▸ **WHAT YOU SHOULD DO**
From the line containing "Шале в лесу в Подмосковье" through the last line of the material, copy every line exactly, both ends inclusive; do not copy pictures.

▸ **DATA SECTION**
^^^^

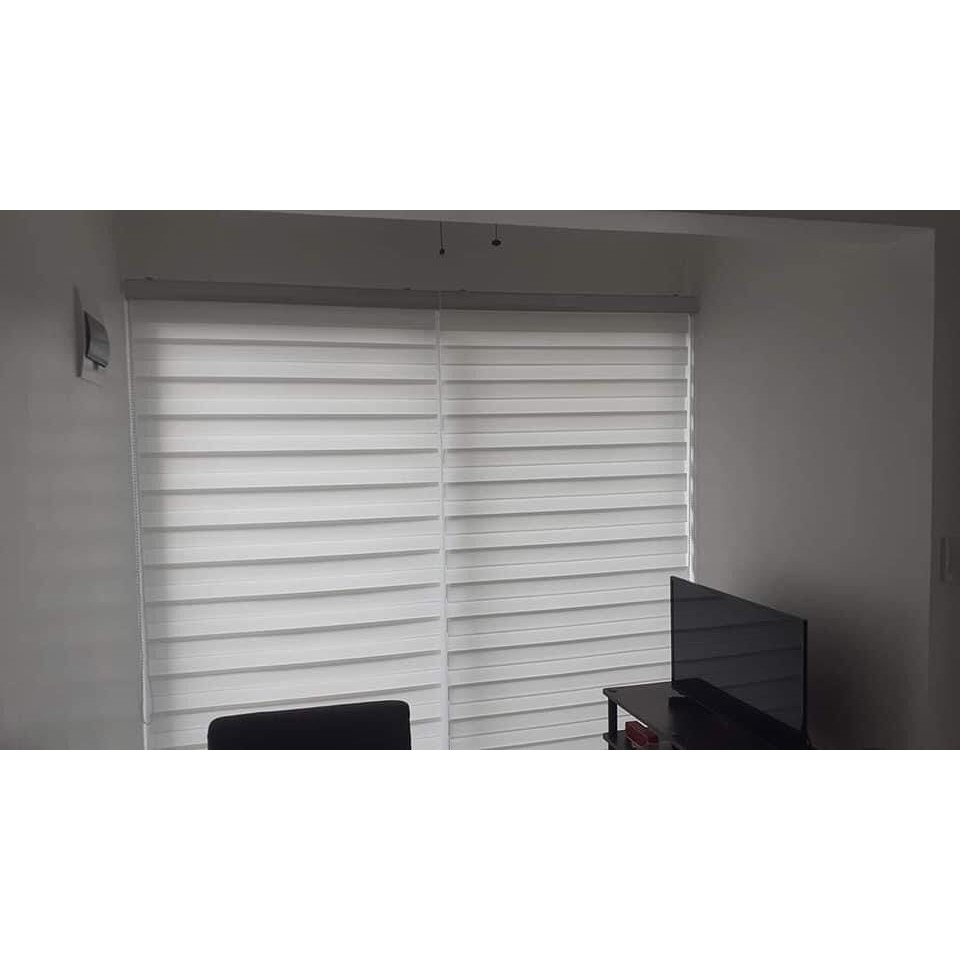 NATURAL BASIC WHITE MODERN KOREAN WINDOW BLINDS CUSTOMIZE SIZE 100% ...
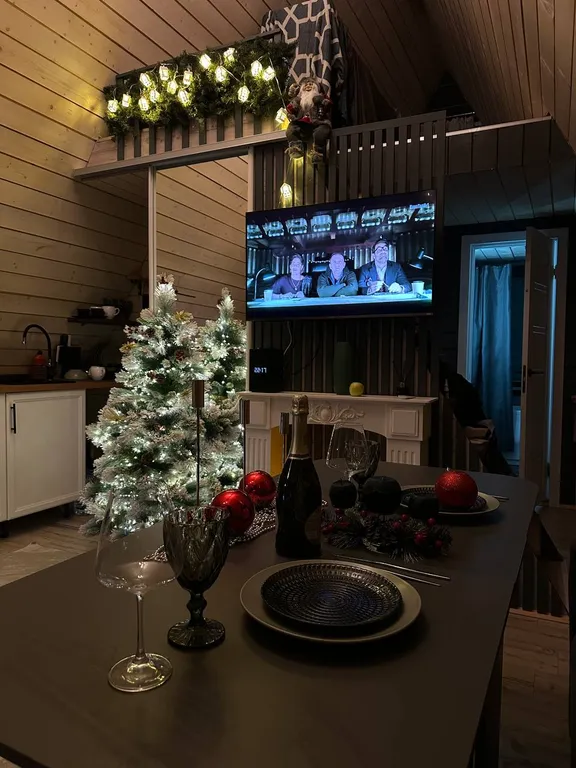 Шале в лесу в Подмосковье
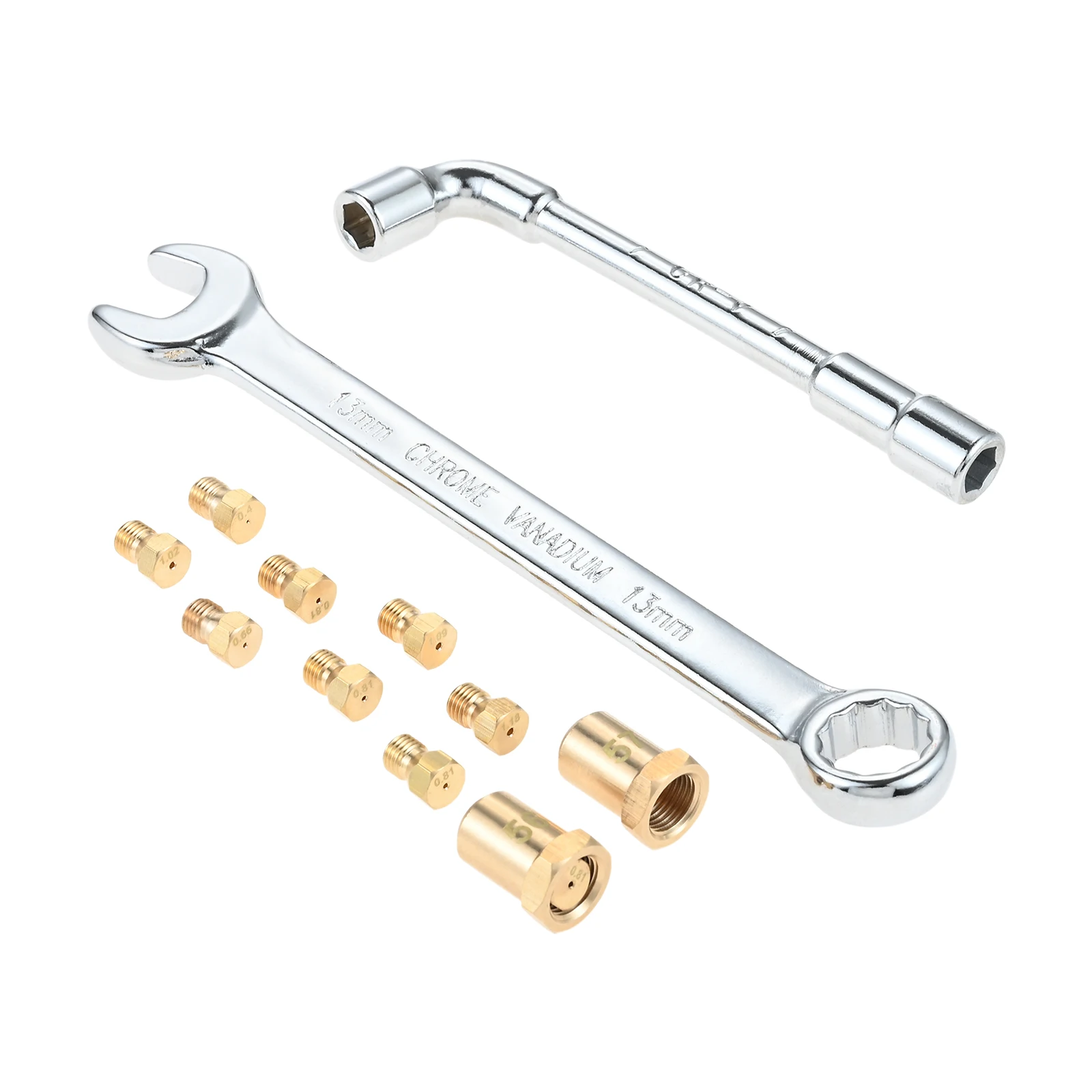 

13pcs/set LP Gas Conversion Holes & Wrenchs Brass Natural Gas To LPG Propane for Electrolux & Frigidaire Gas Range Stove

^^^^

▸ **RESULT OF THIS EXERCISE**
 Шале в лесу в Подмосковье

13pcs/set LP Gas Conversion Holes & Wrenchs Brass Natural Gas To LPG Propane for Electrolux & Frigidaire Gas Range Stove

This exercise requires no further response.